The House Republican Conference held a private call with McCarthy, House Financial Services Committee chairman Rep. Patrick McHenry (R-NC), and Rep. French Hill (R-AR).

McHenry said that Silicon Valley Bank’s collapse was the result of “current social media meets the bank rush scene in ‘It’s a Wonderful Life.’”

Punchbowl News continued:

McHenry also argued that bank management’s pushed for SVB to grow too quickly, and the assets it held were a poor fit for a rising interest rate environment.

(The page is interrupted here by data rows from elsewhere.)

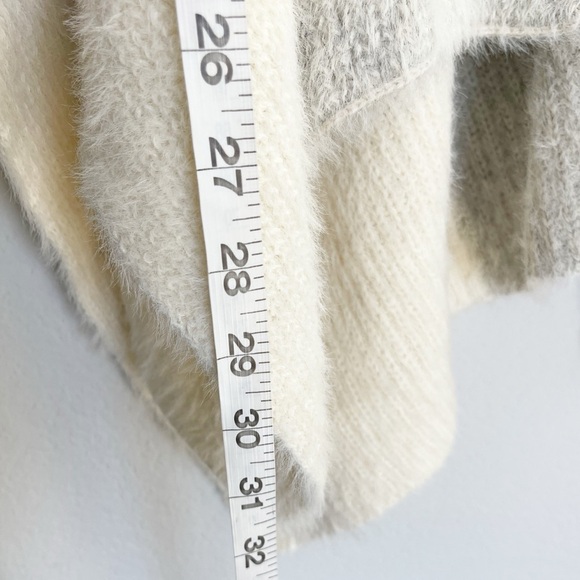 Anthropologie Saturday Sunday Colorblock Kimono Poncho Sweater Gray Cream - Picture 7 of 7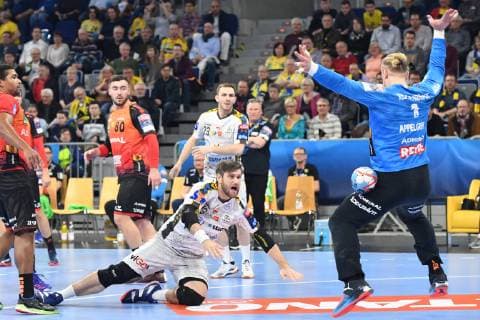Rhein Neckar Loewen - PGE Vive Kielce Kielce Julen Aguinagalde Akizu gegen Rhein Neckar Loewe Mikael Appelgren (Nr.1) beim Spiel in der Champions League, Rhein Neckar Loewen - PGE Vive Kielce. Mannheim. 20.02.19 Handball Champions League Group Phase , Mannheim Baden Wuerttemberg Deutschland SAP Arena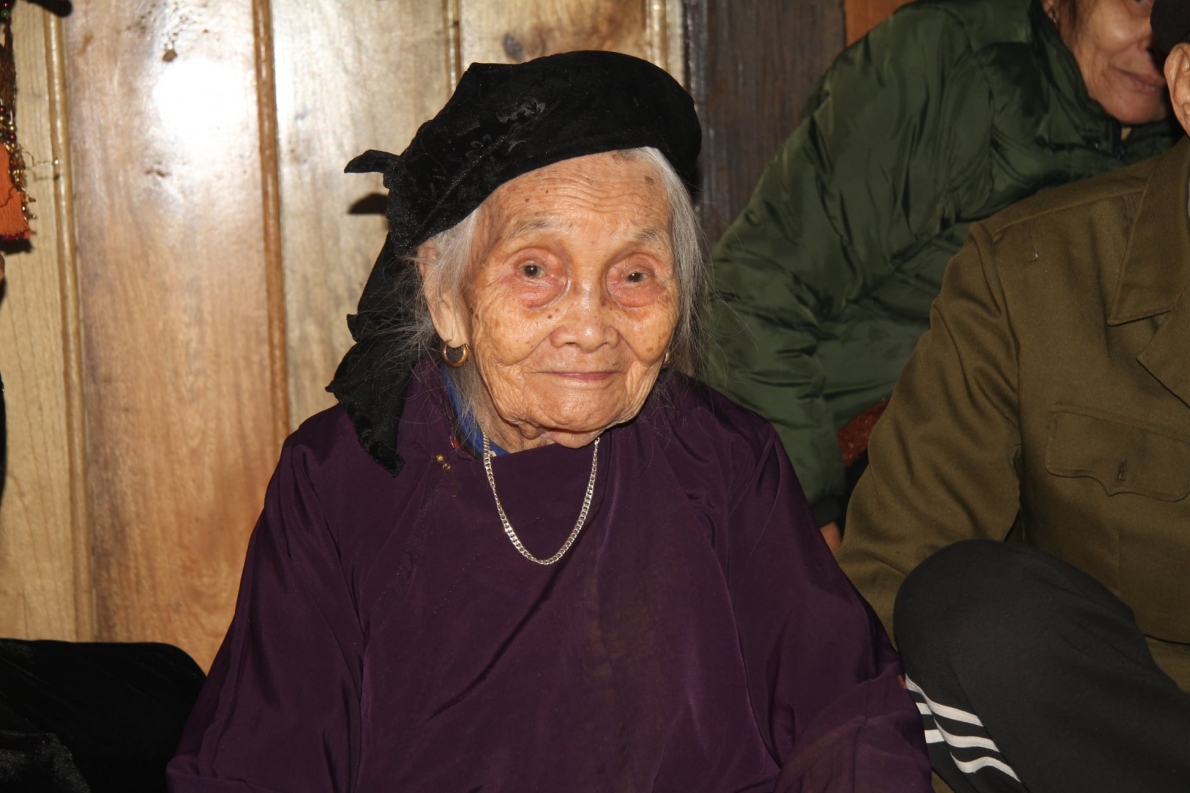 Nghệ nhân trăm tuổi Mỗ Thị Kịt và hành trình đến với then Tày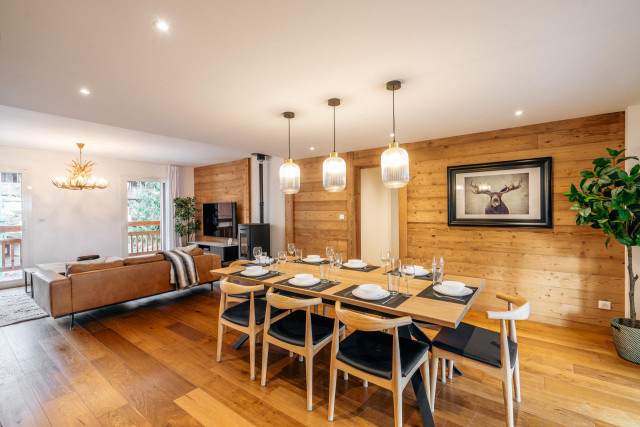 _lv_images__lot_0000000097_05_4536316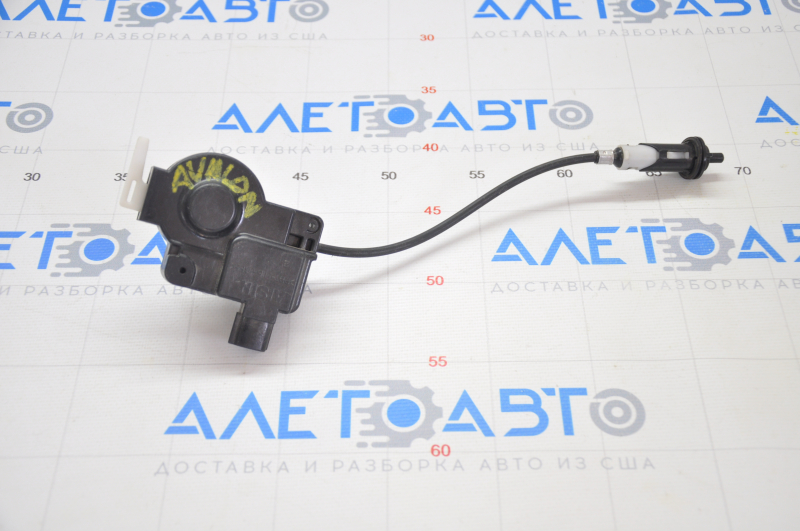 Fuel filler flap lock Toyota Avalon 05-12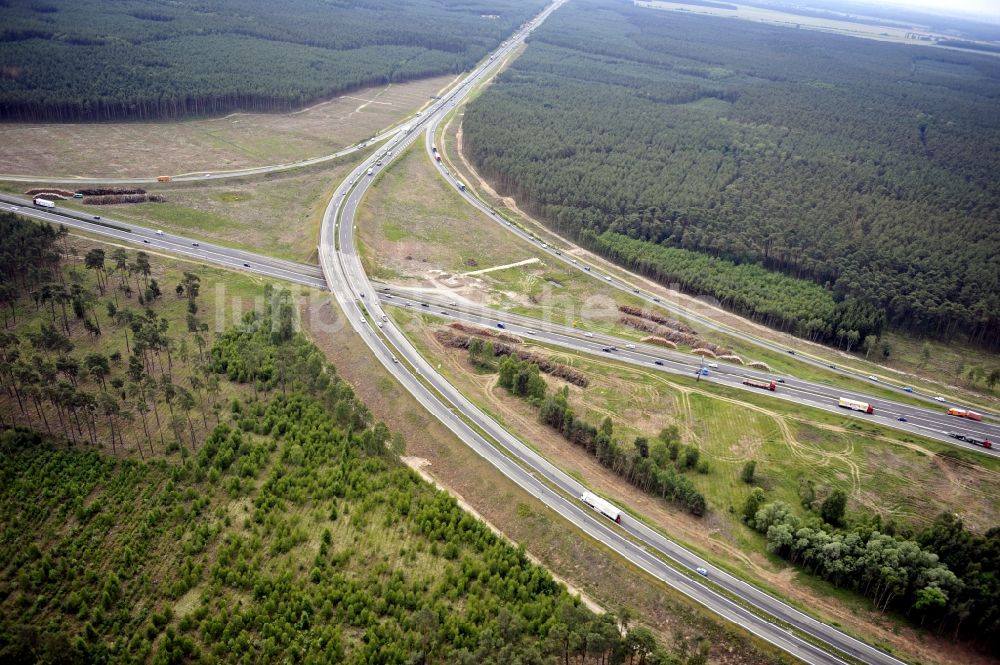 Groß Ziethen von oben - Vorbereitungen für den Ausbau am Autobahndreieck Havelland im Bundesland Brandenburg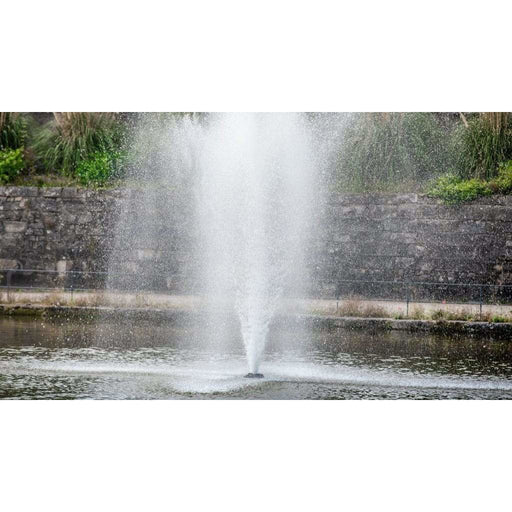 Aérateurs pour plan d'eau naturel —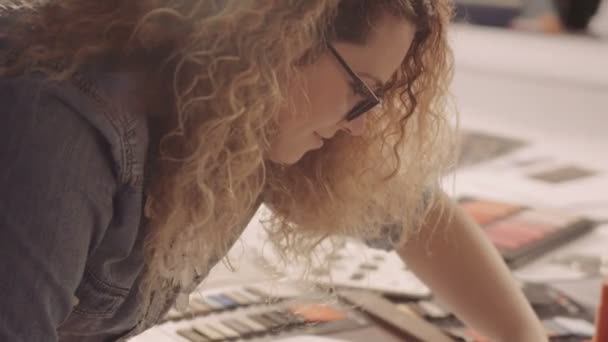 Diseño de moda dibujo y pintura. Dibuja bocetos femeninos para la ropa en el taller . — Vídeo de stock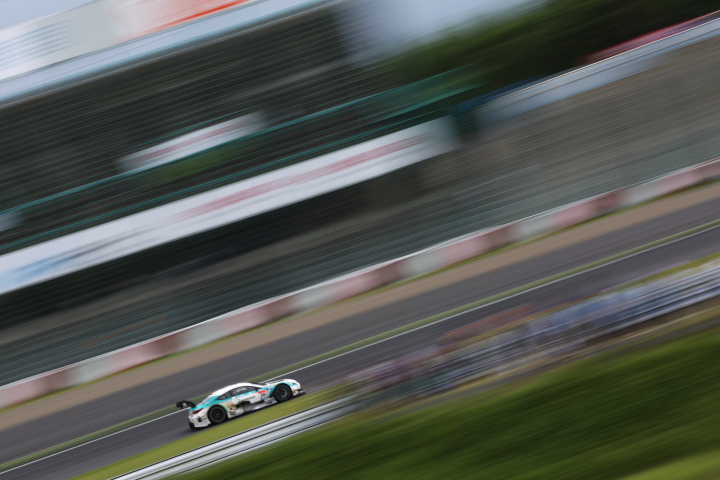 公式テスト鈴鹿: 中嶋一貴／ジェームス・ロシター組（GT500:PETRONAS TOM'S RC F）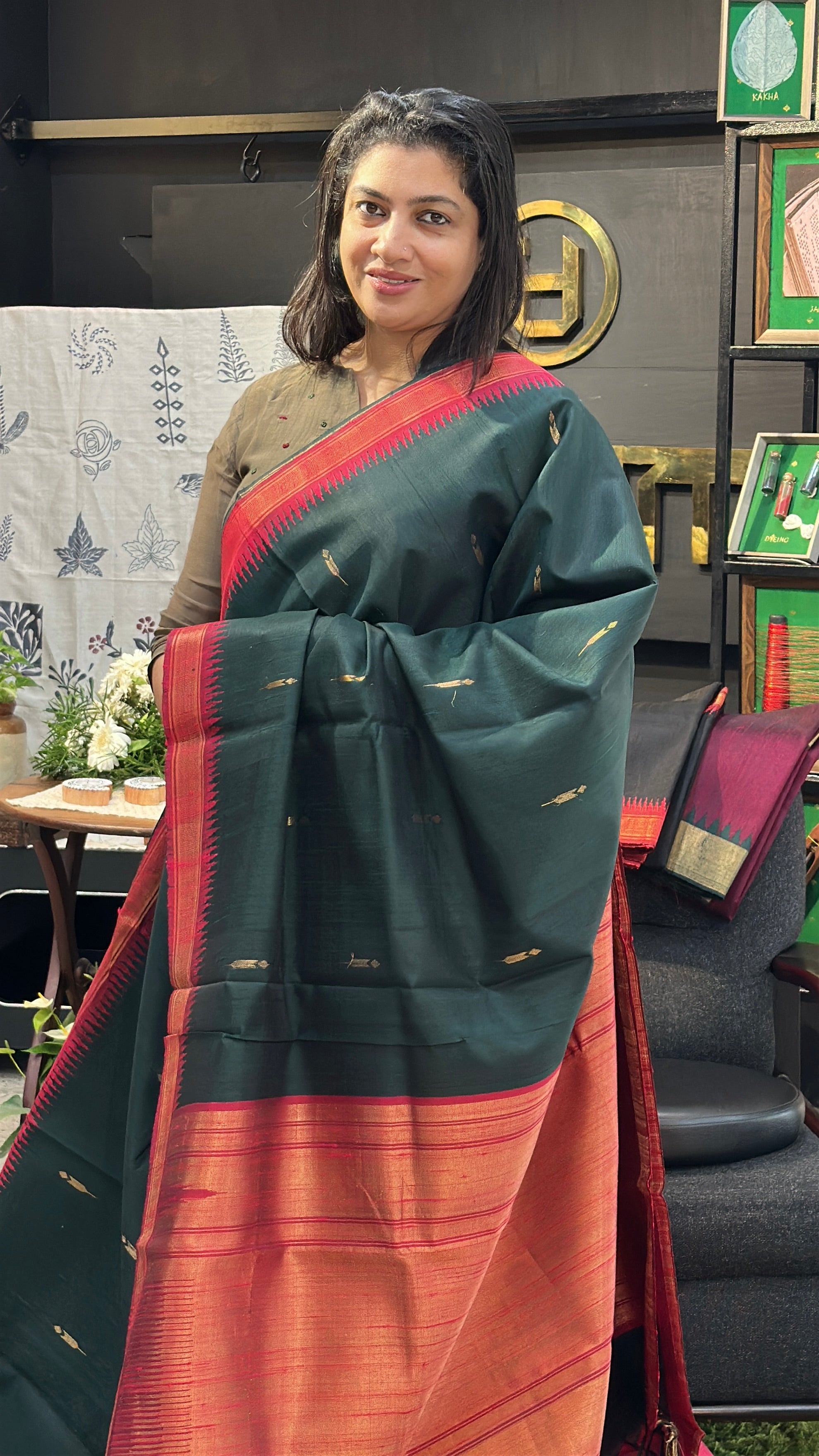 Temple Border Detailed Raw Silk Saree | HS1337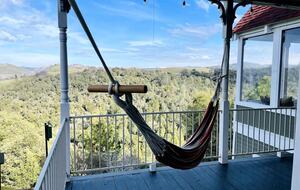 Vineyard Hilltop Retreat - Plymouth, California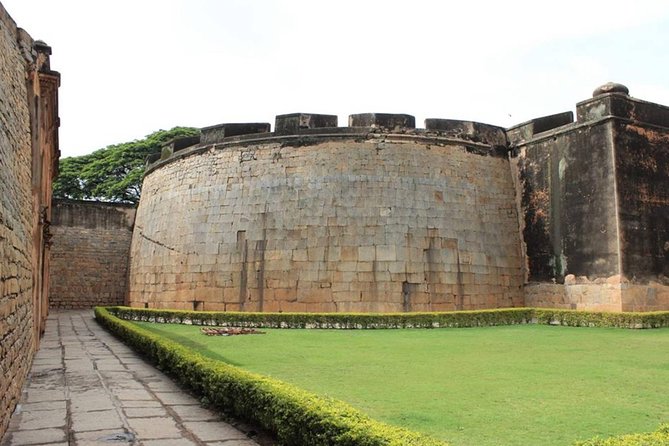 Bangalore Fort heritage walk - Walking through Bangalore Fort and its military past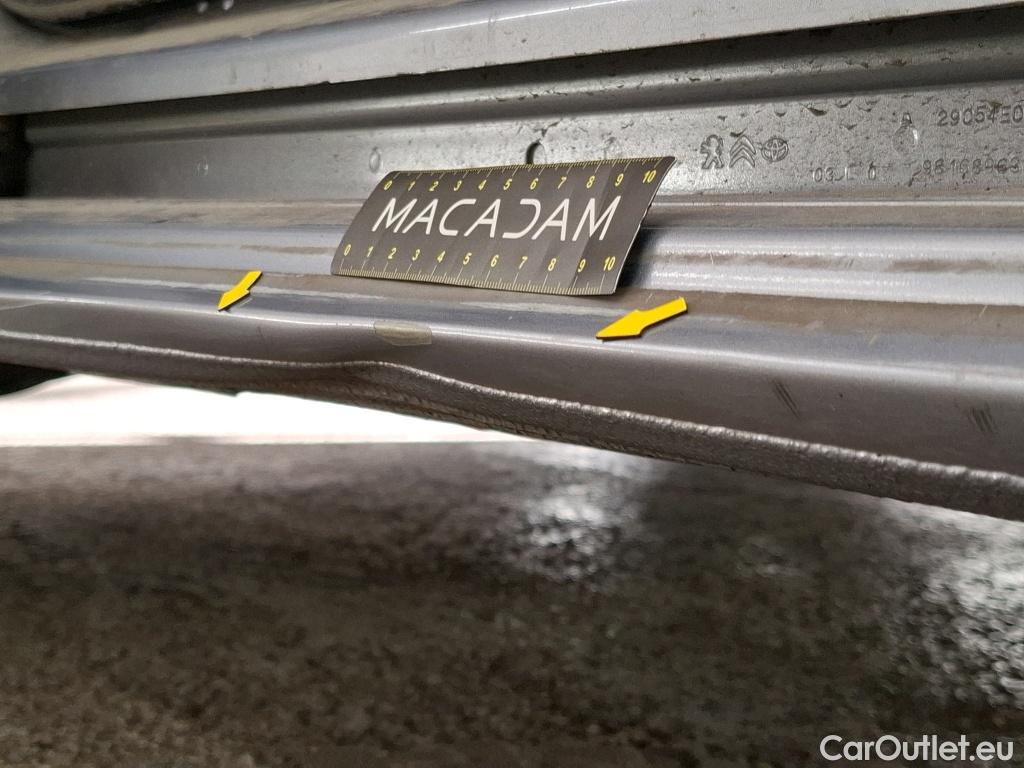  Peugeot  Expert PEUGEOT  / 2016 / 4P / Fourgon tôlé 1.5 BLUEHDI 120 S&S STANDARD Asphalt #5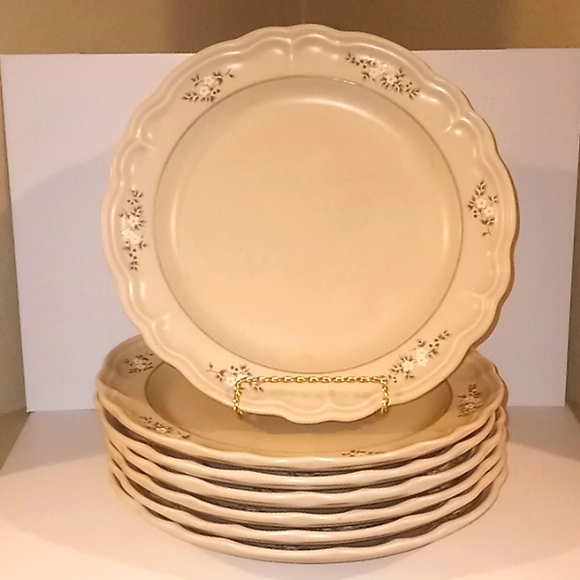 VTG- Pfaltzgraff Silver Heirloom 8 Dinner Plates - Picture 9 of 10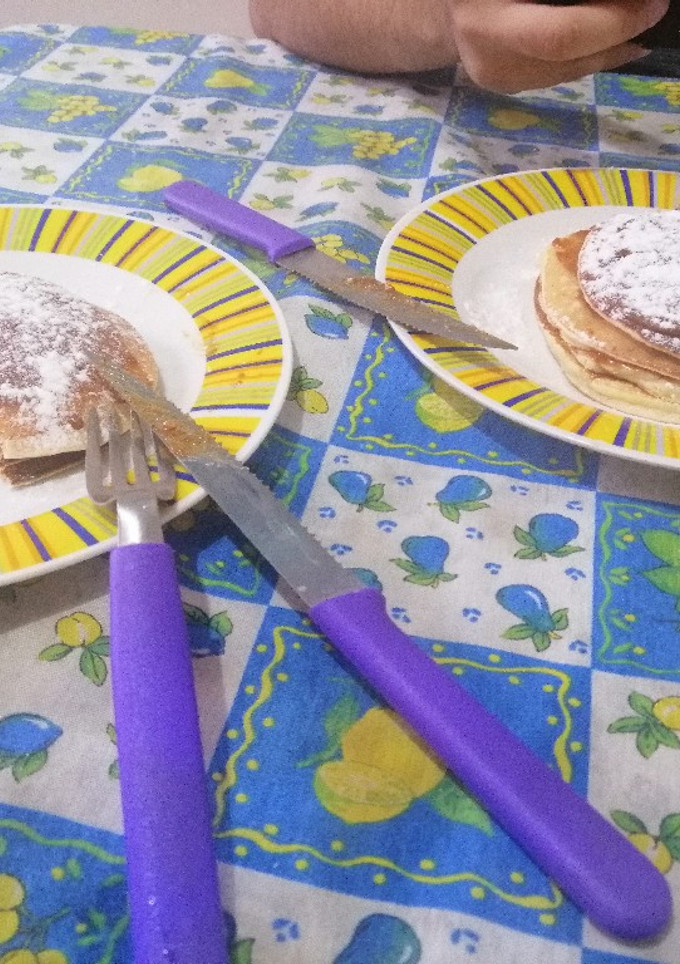 Una foto de Hotcakes tipo americanos con dulce de leche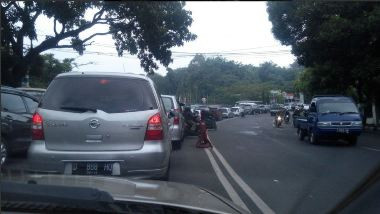 Kendaraan Mengular di Kawasan Wisata Lembang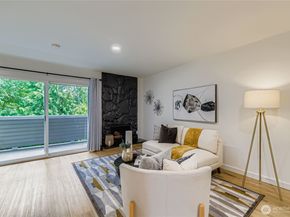 12429 NE 130th Court G210, Kirkland WA 98034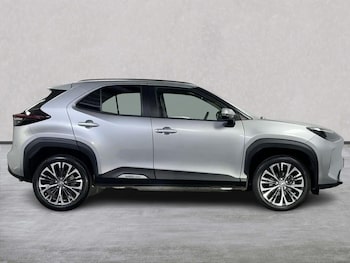 Used Toyota Yaris Cross 2023 for sale - 79417811: Photo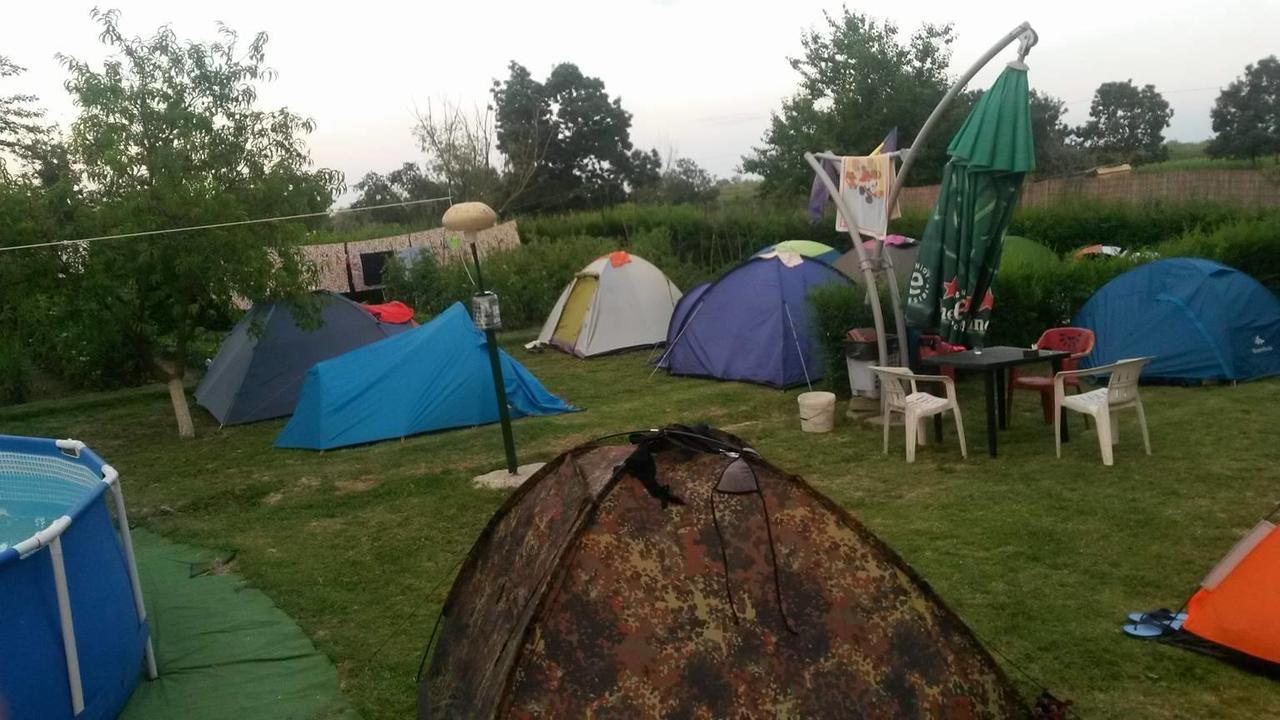 Camping Casuta Mihaela クリシャン エクステリア 写真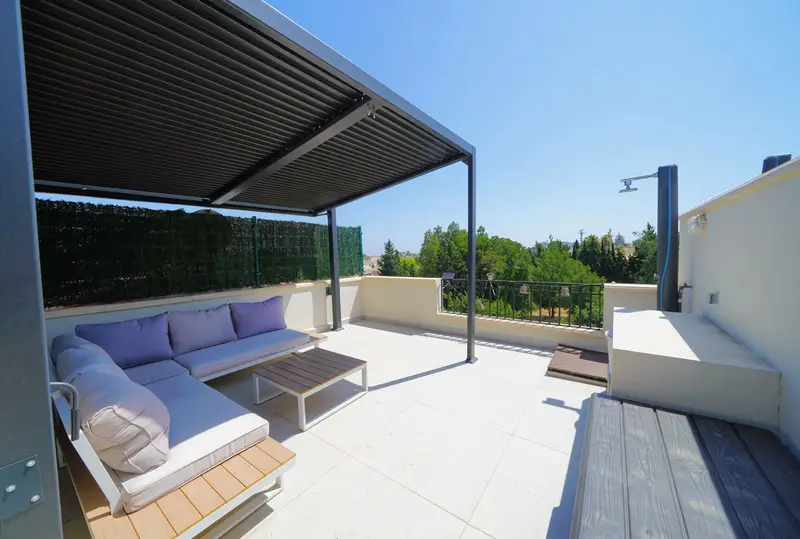 Atico en venta Denia 2 habitaciones 86m2 terraza piscina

Hill, chair of the House Financial Services subcommittee on digital assets, blamed SVB’s failure on a lack of oversight from the San Francisco Fed office. That complaint was echoed by Rep. Andy Barr (R-Ky), chair of the financial institutions and monetary policy subcommittee on Financial Services.

In an interview late Monday night, McHenry said there was not an immediate need for legislation to resolve the banking crisis.

“They currently have the tools, and they‘ve used them appropriately to resolve two banks,” McHenry said in an interview with Punchbowl News. “They acted swiftly and boldly, and I’ve told them more than once that bold action I will absolutely support if it is in the interest of the financial system and in the interest of the American people.”

Breitbart News Economics Editor John Carney pointed out in the Breitbart Business Digest that a research paper from the New York Fed found that increased demand accounts for two-thirds of inflation and that fiscal stimulus was responsible for half or more of the increase in demand.

“The Fed accommodated the Biden administration’s reckless fiscal policy by holding interest rates near zero even after the economy had begun to recover from the pandemic and lockdowns. Massive quantitative easing held down bond yields not just for Treasuries but for mortgage-backed securities as well,” Carney noted.